Clinoptilolite, a natural zeolite, is mined in Wolsungkun, Kyungsang-bukdo. Because of high $SiO_2/Al_2O_3$ ratio, clinoptilolite zeolite shows great stability to heat-and acid-treatments. The application of natural zeolite as adsorbents and catalysts, however, is limited by its small pore size. By treating with acids, clinoptilolite can be modified to adsorb considerable amount of large molecules such as benzene.
In this study clinoptilolite samples were treated with hydrochloric acid, sulfuric acid and phosphoric acid of different strength. The adsorption characteristics and crystal structure of the original and acid-treated elinoptilolite have been studied. Also their catalytic activities in cumene cracking and toluene disproportionation reactions have been investigated.
The adsorbed amount of nitrogen, methanol and benzene on acid-treated clinoptilolites were measured in volumetric adsorption unit. By treating with hydrochloric acid, the adsorbed amount increased to 5-fold for nitrogen, to 3-fold for benzene, but for methanol no significant change was observed. As acid strength increased further, there were declines both in adsorption capacity and crystallinity. The results showed that the increase of adsorbed amount was caused by the rearrangement of the pore entrance and cation exchange.
A method for determination of clinoptilolite content in natural mineral based on benzene adsorption on acid-treated sample could be proposed. By this method, the original sample used in this study was found to contain approximately 45% of clinoptilolite.
The acidities of hydrochloric acid-treated clinoptilolites were determined by Benesi method. The samples treated with 0.25N, 0.5N and 1N acids where the crystal structure were maintained, showed strong acid sites, those were absent from the original sample and that treated with high concentration acids.

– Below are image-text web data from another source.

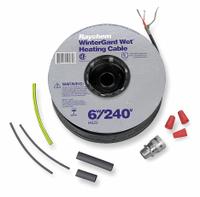 RAYCHEM Electric Heating Cable Kit: For Indoor/Outdoor, 100 ft Cable Lg, 240V AC, Hardwired (MPN 449467-000). Key specifications — NEMA Plug Configuration: Hardwired; Voltage: 240V AC; Brand: RAYCHEM; Includes: Power Connection Kit; For Use Indoor/Outdoors: Indoor/Outdoor; For Use With: H900.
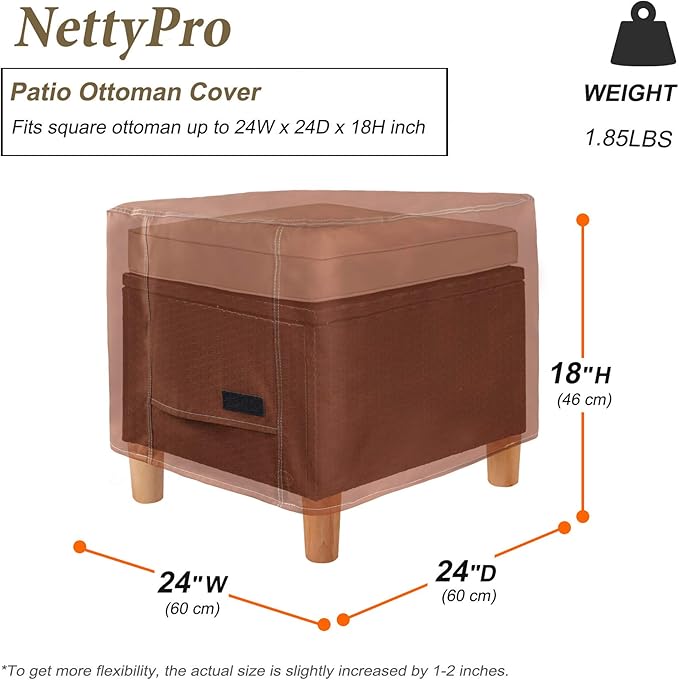 NettyPro Waterproof Ottoman Cover Square 24 x 24 Inch Outdoor Patio Furniture Ottoman Table Cover, Brown
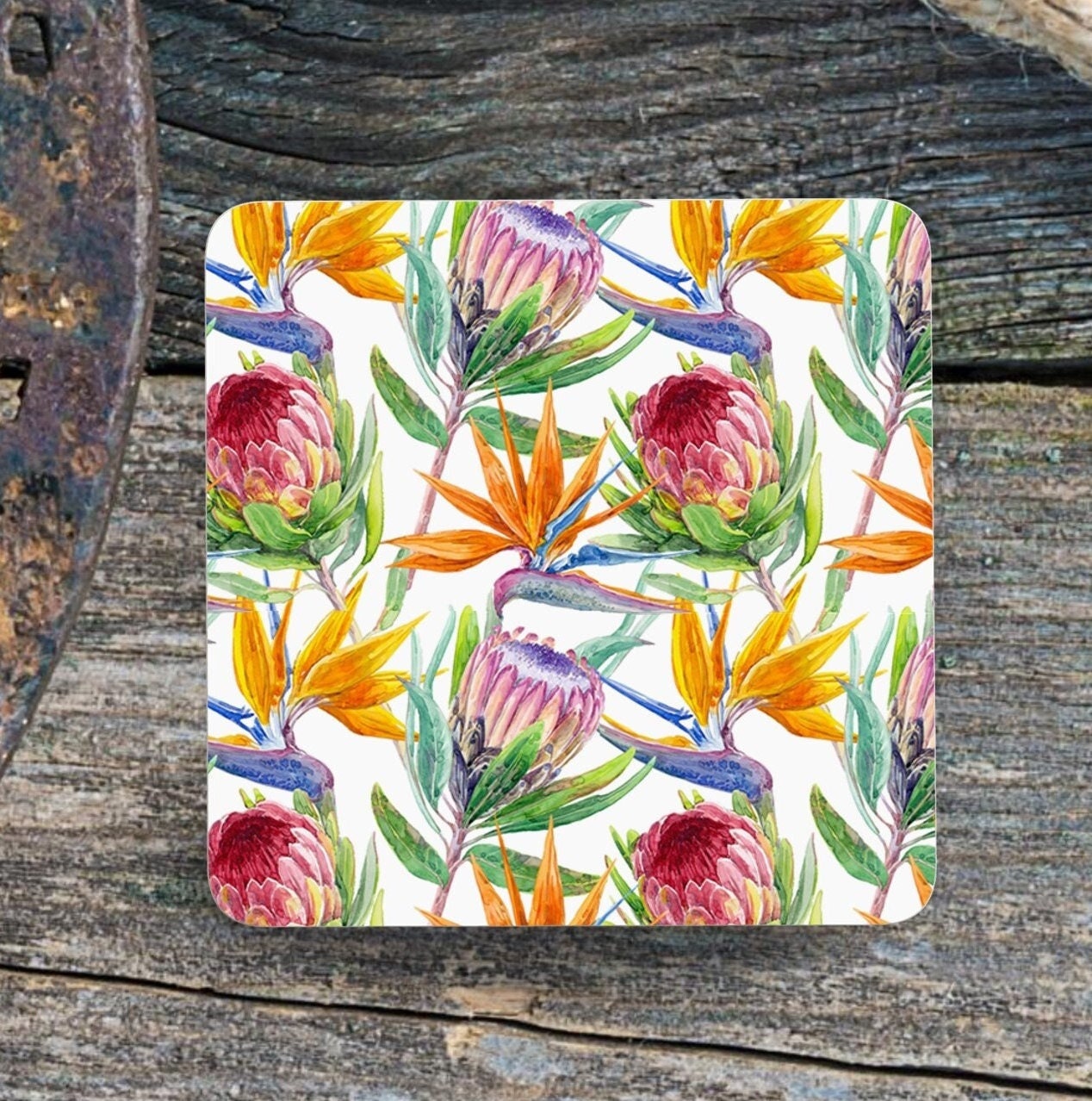 Protea and Strelitzia coaster. ( 9x9cm ) See matching mug.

Using pulse technique in micro-reactor system, the catalytic activities of hydrochloric acid-treated clinoptilolites in cumene cracking and toluene disproportionation reactions were measured. For cumene cracking reaction, the maximum conversion was observed for the 0.5N hydrochloric acid-treated sample. The maximum benzene adsorption also was observed for same sample. Adsorbed amount of benzene for sample treated with acid concentrations higher than 3N were about the same as original sample, but the conversion rate of the former was higher than that of the latter. These facts suggested that the conversion rate was determined mainly by diffusion of cumene and the product through the pore structure.
In the toluene disproportionation reaction, the same trend was observed. But the rate of deactivation was severe for sample with strong acid sites. Since catalyst with strong activity was deactivated easily in the condition without supply of hydrogen, the maximum conversion was shifted to the sample treated with higher concentration of acid, 1N.